*** Material provided ***

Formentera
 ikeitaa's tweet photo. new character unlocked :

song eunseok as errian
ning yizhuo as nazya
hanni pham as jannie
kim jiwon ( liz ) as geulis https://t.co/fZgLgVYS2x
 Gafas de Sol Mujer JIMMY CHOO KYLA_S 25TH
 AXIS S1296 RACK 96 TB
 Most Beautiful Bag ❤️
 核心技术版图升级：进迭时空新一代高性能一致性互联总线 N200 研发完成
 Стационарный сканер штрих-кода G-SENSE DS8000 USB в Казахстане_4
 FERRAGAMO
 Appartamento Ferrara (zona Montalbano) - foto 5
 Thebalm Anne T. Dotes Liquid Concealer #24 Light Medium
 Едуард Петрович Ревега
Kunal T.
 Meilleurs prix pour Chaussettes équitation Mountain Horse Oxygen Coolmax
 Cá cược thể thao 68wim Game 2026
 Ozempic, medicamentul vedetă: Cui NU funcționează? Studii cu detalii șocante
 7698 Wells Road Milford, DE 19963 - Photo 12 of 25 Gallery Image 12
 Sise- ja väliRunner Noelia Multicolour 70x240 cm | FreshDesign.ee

*** End of Material provided ***

### Problem
Please reproduce all of the records exactly as they stand.

### Answer to this problem
Formentera
 ikeitaa's tweet photo. new character unlocked :

song eunseok as errian
ning yizhuo as nazya
hanni pham as jannie
kim jiwon ( liz ) as geulis https://t.co/fZgLgVYS2x
 Gafas de Sol Mujer JIMMY CHOO KYLA_S 25TH
 AXIS S1296 RACK 96 TB
 Most Beautiful Bag ❤️
 核心技术版图升级：进迭时空新一代高性能一致性互联总线 N200 研发完成
 Стационарный сканер штрих-кода G-SENSE DS8000 USB в Казахстане_4
 FERRAGAMO
 Appartamento Ferrara (zona Montalbano) - foto 5
 Thebalm Anne T. Dotes Liquid Concealer #24 Light Medium
 Едуард Петрович Ревега
Kunal T.
 Meilleurs prix pour Chaussettes équitation Mountain Horse Oxygen Coolmax
 Cá cược thể thao 68wim Game 2026
 Ozempic, medicamentul vedetă: Cui NU funcționează? Studii cu detalii șocante
 7698 Wells Road Milford, DE 19963 - Photo 12 of 25 Gallery Image 12
 Sise- ja väliRunner Noelia Multicolour 70x240 cm | FreshDesign.ee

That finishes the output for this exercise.